When Texas Longhorns head coach Charlie Strong met with the media last Tuesday, it was hardly surprising that redshirting freshman Jerrod Heard came up as a topic of conversation after the horrific performance from sophomore starter Tyrone Swoopes against TCU.
The last update on Heard was play caller Shawn Watson saying in late November that his young passer was "starting to get it."
For a coaching staff that has been willing and able to look at the long-term trajectories of its players, redshirting Heard was always a priority because putting an unfinished product on the field when unnecessary "would make us look like what we say is not what we mean or what we deliver," according to Watson.
Contrast that to the reasoning for playing last year from former head coach Mack Brown -- that Swoopes had to play because there weren't any other back ups. In a quest for a Big 12 title that was probably always illusionary because the two best teams on the conference schedule came in the two last games, that was understandable for Brown but ultimately to the detriment of Swoopes and the program.
Strong and Watson have the critical latitude not to worry about a few handoffs or simple plays from the back up in case of an injury.
So Heard has kept his redshirt and worked on understanding the offense and worked on understanding college coverages.

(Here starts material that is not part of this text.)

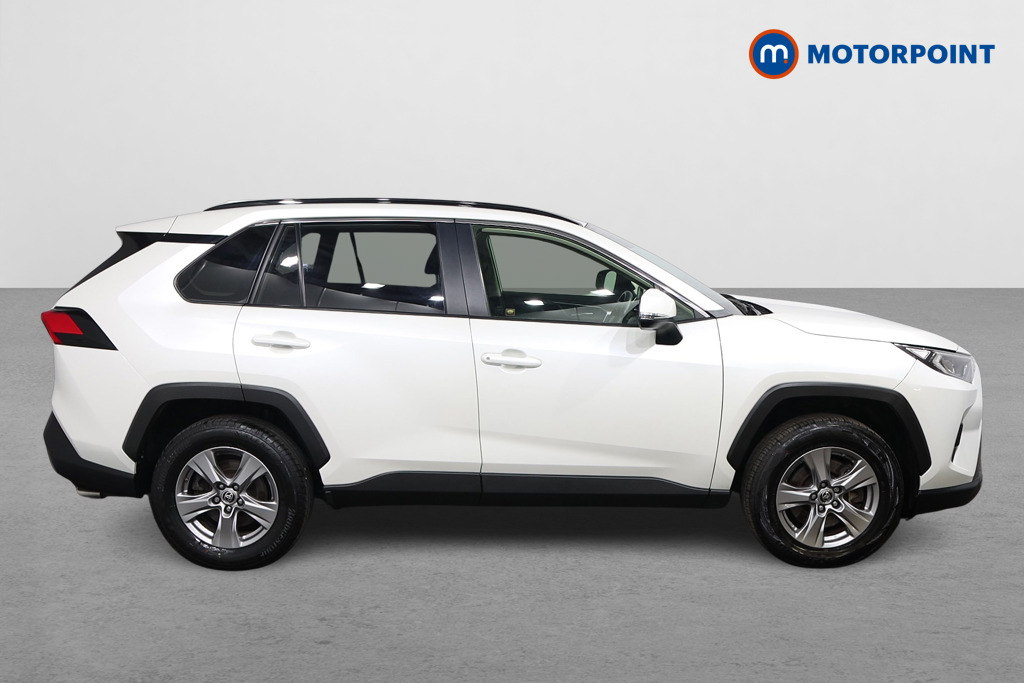 Toyota Rav4 Icon Automatic Petrol-Electric Hybrid SUV - Stock Number (1621472) - Drivers side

"The thing about Jerrod is, when you come and you have to face it each and every day and it moves so fast for you sometimes, you've just got to slow him down, and it's going to happen for him," Strong said. "It's a development stage, and he's developed because Shawn Watson has done a great job coaching quarterbacks. We'll just continue to coach him."
All the continued coaching in the name of ensuring the highest level of competition in the spring. In limited context, there's a junior wide receiver who believes:
Texas WR Marcus Johnson effusive in praise of backup QB Jerrod Heard, who he said "will prove why he won two state championships."— Mike Finger (@mikefinger) December 16, 2014
To be clear, Johnson wasn't endorsing Heard over Swoopes, but said, "We need competition and he'll definitely bring that."— Mike Finger (@mikefinger) December 16, 2014
The winning pedigree of Heard enabled some of the outsized expectations for the freshman entering the program and could remain as a critical ingredient for a tough-minded demeanor and unshakable confidence that would set Heard apart from Swoopes, whose slump-shouldered attitude through much of the game against TCU drew serious ire from his head coach.
At the same time, Swoopes has a much higher physical upside as a passer than Heard, who has a significant advantage in quickness.
Neither one is a savior since Watson has admitted that his freshman is behind the curve that Teddy Bridgewater set.
But actually having competition this spring will be the start to finding improved play at the quarterback position.